How to use your own Dataset for Lesson 1

fortydegrees · March 29, 2018, 6:23pm

I am a complete novice with machine learning and have just finished using my own dataset for the first half of lesson 1.
I couldn’t find any step-by-step instructions, and considering it’s the first bit of self-learning required, thought it would be useful if I posted what I did.
Any feedback on the method (inaccuracies made by me) would be appreciated.
This uploading part obviously only applies to those using paperspace.

These resources were helpful to me:

Q3 and Q4 from Reshama’s FAQ in working out how to structure the data (found from this thread)
Beecoder’s Cricket or Baseball example

Either way, I hope this is helpful to a beginner in a similar situation.

Collect at least 15 images for each category
Create a folder locally. I used ‘cowhorse’.
Inside this folder, create two subfolders: ‘train’ and ‘valid’
Inside both of these subfolders (train and valid), create another two subfolders for your two categories. In my case ‘cow’ and ‘horse’.
Put around 80% of your images in the ‘train’ subfolders, and the rest in the ‘valid’ subfolders.
Your finished structure should look like this:

Screen Shot 2018-03-29 at 18.51.31.png918×1162 102 KB
Zip up this folder
SFTP into your paperspace box
Navigate to /fastai/courses/dl1/data/ and upload your .zip folder here
unzip this folder
In your jupyter notebook, change the PATH to the directory you just uploaded
Due to the low sample size, you may want to change the learning rate of the model (I changed mine to 0.2)
Run through all the commands and you should see the model using your new dataset:

Screen Shot 2018-03-29 at 19.22.28.jpg2092×558 251 KB

fortydegrees · March 29, 2018, 6:26pm

As an aside, I’m wondering if someone could shed some light on an error I’m getting when it tries to return incorrect labels:

ValueError: Cannot take a larger sample than population when ‘replace=False’

Is this simply because there are no incorrectly labeled images? I can’t imagine this to be the case as it doesn’t seem like throwing an error is the way to report this.

ramesh · March 29, 2018, 6:34pm

Your validation data is 10 images. rand_by_correct tries to give 4 random images that are correctly or incorrectly classified. Because you don’t have 4 incorrect images, its giving an error. Unfortunately, the 4 is hardcoded. There’s also ImageModelResults that we should probably be using for this task. I am going to take a closer look and get back on best way to fix it.

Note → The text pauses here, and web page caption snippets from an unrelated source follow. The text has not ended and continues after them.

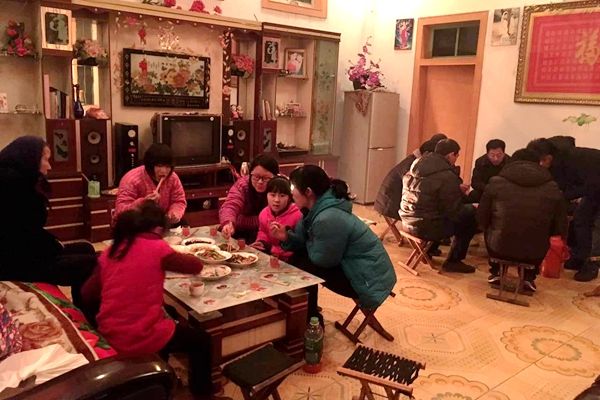 梦见在家里与家人一起吃饭是什么意思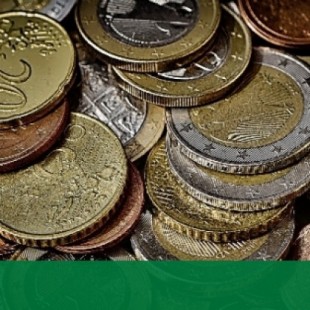 Instalan en Carrefour una máquina que cambia monedas por un vale canjeable por "dinero" y se queda el 10%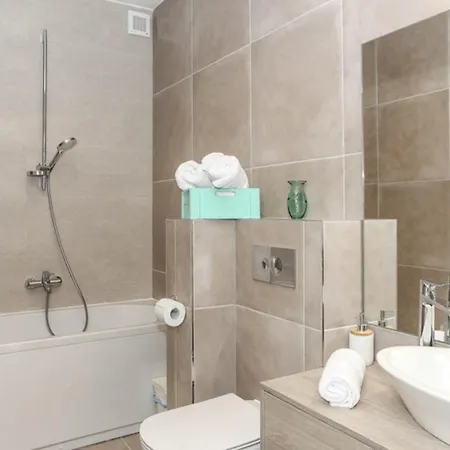 Villa Palazio A Spectacular 7 Bedroom 90 Metres To The Sea And Promenade Trogir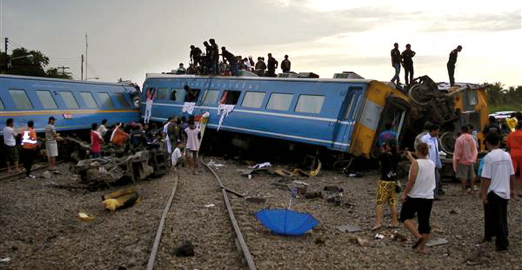 悲惨！インド・タジマハル近郊列車追突事故で22名死亡_d0123476_1036314.jpg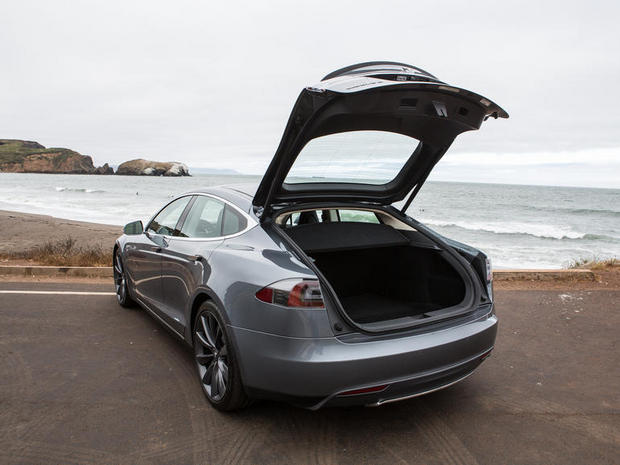 　Model Sは、トランクというよりリアハッチバックを備えるセダンだ。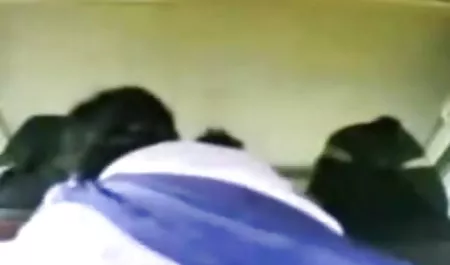 एक विशाल डिल्डो हिंदी फिल्म अरे सेक्सी के साथ गोरा
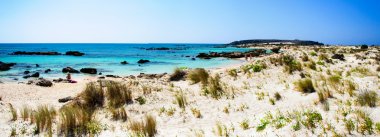 elafonissi beach, pembemsi beyaz kum ve turkuaz su, Girit Adası, Yunanistan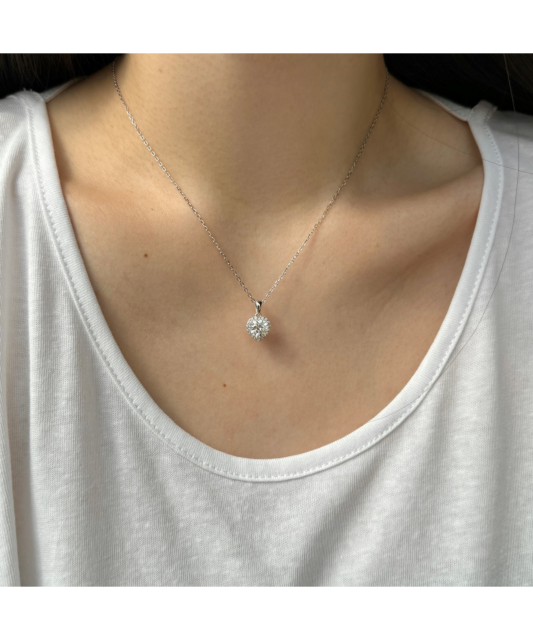 Серебряная цепочка с подвеской из муассанита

You could also just change the rand_by_mask function -

def rand_by_mask(mask): return np.random.choice(np.where(mask)[0], 4, replace=False)
# TO
def rand_by_mask(mask):
    mask_idxs = np.where(mask)[0]
    cnt = min(4, len(mask_idxs))
    return np.random.choice(mask_idxs, cnt, replace=False)

beecoder · March 29, 2018, 6:51pm

Great going, this is pretty much what I did. Since you’ve got familiar with data collection for your own project, would be good to explore how the Conv learner works, and the effect of different augmentations, learning rates etc.

jeremy · April 2, 2018, 4:31pm

I believe a recent PR fixed this. Try doing git pull and see if it works then.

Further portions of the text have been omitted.